1. Different Handedness
- Definition: the counterpart
of any body is its mirror image/reflection – the 'perpendicular
projection'
of each point through a plane/line an equal distance on either side.
- Definition: two bodies are incongruent if they cannot
be (rigidly) moved into the same region of space – two plane figures
are incongruent if they cannot be moved into the same region of the
plane. E.g., a cube and a sphere are incongruent.

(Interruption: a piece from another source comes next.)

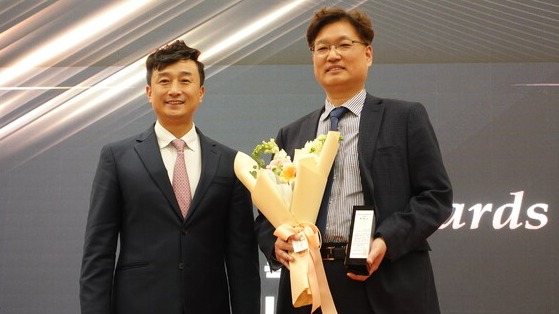 16일 동대문디자인플라자 ‘TAS 2023(THE AI SHOW)에서 개최된 ’Good AI 어워즈‘에서 코어소프트가 기업부문 특별상을 수상했다. 코어소프트 대표 황민수 더에이아이 대표가 시상하고 소순주 코어소프트 대표와 기념 사진을 찍고 있다. /구아현 기자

- What then does it mean for things to be 'incongruent
counterparts'?
What are some examples?
- Here's one: screws.
- Screws are a nice example; partly because they model natural
phenomena
that depend on handedness: e.g., some sugar molecules (one 'isomer'
digestable,
one not); the weak nuclear force (only electons spinning in one
direction
with respect to motion feel it).
The two screws are
mirror
images, and cannot be superposed – the threads turn in opposite
directions
towards the tip of the screws.
- What makes something handed (or chiral) – i.e., the kind
of
thing whose counterpart is incongruent to it?
- Definition: A plane is a plane of symmetry if
the two
sides it creates are mirror images of each other in the plane
(similarly
for lines of symmetry).
- Definition: suppose a body has no plane of (mirror)
symmetry, or a figure has no line of symmetry – then it is an enantiomorph.
- Fact: any enantiomorph and its reflection are
incongruent
counterparts. E.g., a hands and its counterpart.